London LPCs urge their 1,498 pharmacies to opt out of contraception service
Pharmacy London has recommended that the 1,498 local pharmacies it represents do not sign up to the NHS pharmacy contraception service, C+D has learned.
The organisation, which represents just under 1,500 pharmacies out of the 1,815 in London, has written a letter to its members recommending that they do not sign up to the NHS contraception service.
Tier one of the service commenced last week – despite the Pharmaceutical Services Negotiating Committee’s (PSNC) insistence that it had not agreed to the April 24 launch date.
The letter, exclusively shared with C+D yesterday (May 2), said that it is “disappointing but to be expected” that NHS England (NHSE) had not “taken on board the warning on the perilous funding situation of many community pharmacy contractors by PSNC”.
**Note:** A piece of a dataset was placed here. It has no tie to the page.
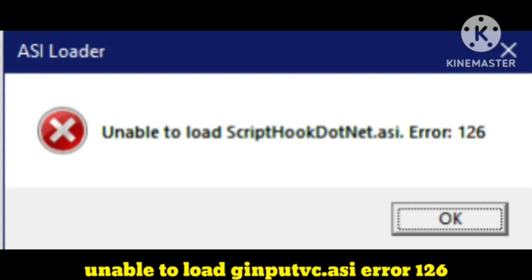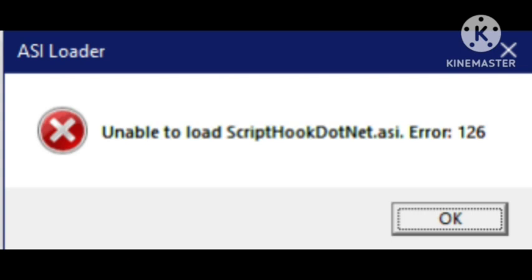This error arises in many devices and I have fixed this problem on my PC. How I fix this problem I will tell you in this video. You just need to follow some simple steps that will help you to fix this problem. Hope you like this video and subscribe our channel.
Pharmacy London said it supports national bodies such as PSNC in their previously published statements urging contractors to “carefully consider the facts before signing up to this service”.
“Do not sign up”
The letter said that Pharmacy London supports “the need for more clinical services from community pharmacy”, which is “ideally located” and “readily and conveniently accessible”.
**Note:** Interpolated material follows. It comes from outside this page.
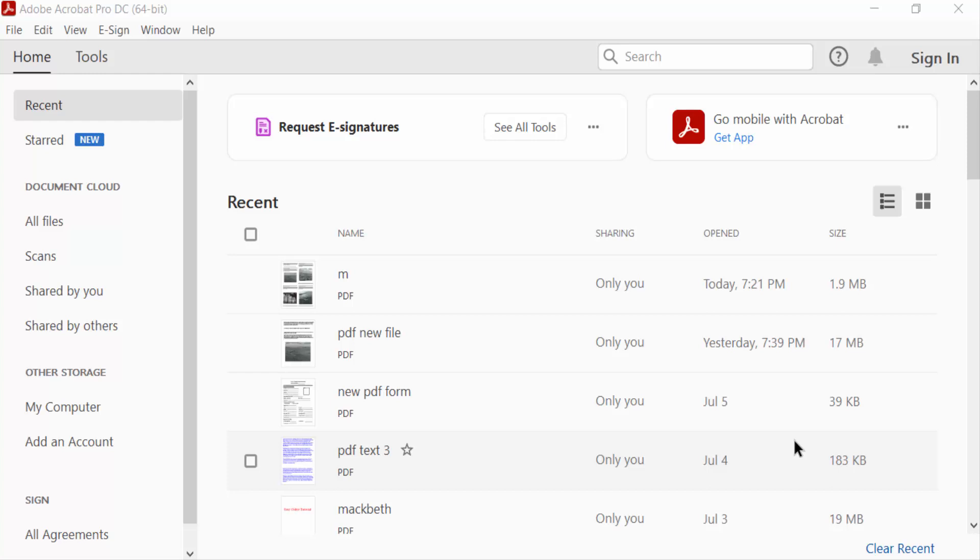Hello everyone, Assalamualaikum. In this PDF tutorial today I will present you how to print A3 size in PDF using Adobe Acrobat Pro DC. So let's get started. I open a PDF document.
But it said that “access is being eroded” by NHSE and the Department of Health and Social Care’s (DH) “belligerence not to accept the dire state of community pharmacy finances”, referring to a “strategy of attrition adopted” by them.
“The Pharmacy London board recommends that contractors do not sign up for the service, until the service is funded adequately to ensure that it can be delivered safely to women”, the letter said.
This will “send a clear message to [the DH] that we will not engage in extra services which compromise patient safety”, it added.
Will lead to closures
According to Pharmacy London, the contraception service “does not add a single penny to the pharmacy budget”.
“All it means is a transfer of money from our dispensing fees”, the letter said, adding that “the implications on the funding of the service on community pharmacy finances would mean pharmacists providing services at a loss”.
It added that "new advanced services mean lower dispensing fees, dispensing at a loss and ultimately pharmacy closures”.
Act of protest
The letter added that community pharmacists “will never strike” because the sector “has always put patients first”.
But CEO of Pharmacy London Hitesh Patel told C+D that the letter serves as “a strong message” to the government.
“Community pharmacies would very much like to take some sort of strike action but we really can't because…the last thing we want is to stop dispensing for patients,” he said.
He added that the DH “knows that community pharmacies won’t go on strike because we care too much about our patients, so we'd rather focus on a new service where if we don't provide it, it's not going to affect our patients” because they “haven't started using” it.
This is an “indication” to the DH “that we're not happy to do any more services unless there is extra funding for them”, Mr Patel said.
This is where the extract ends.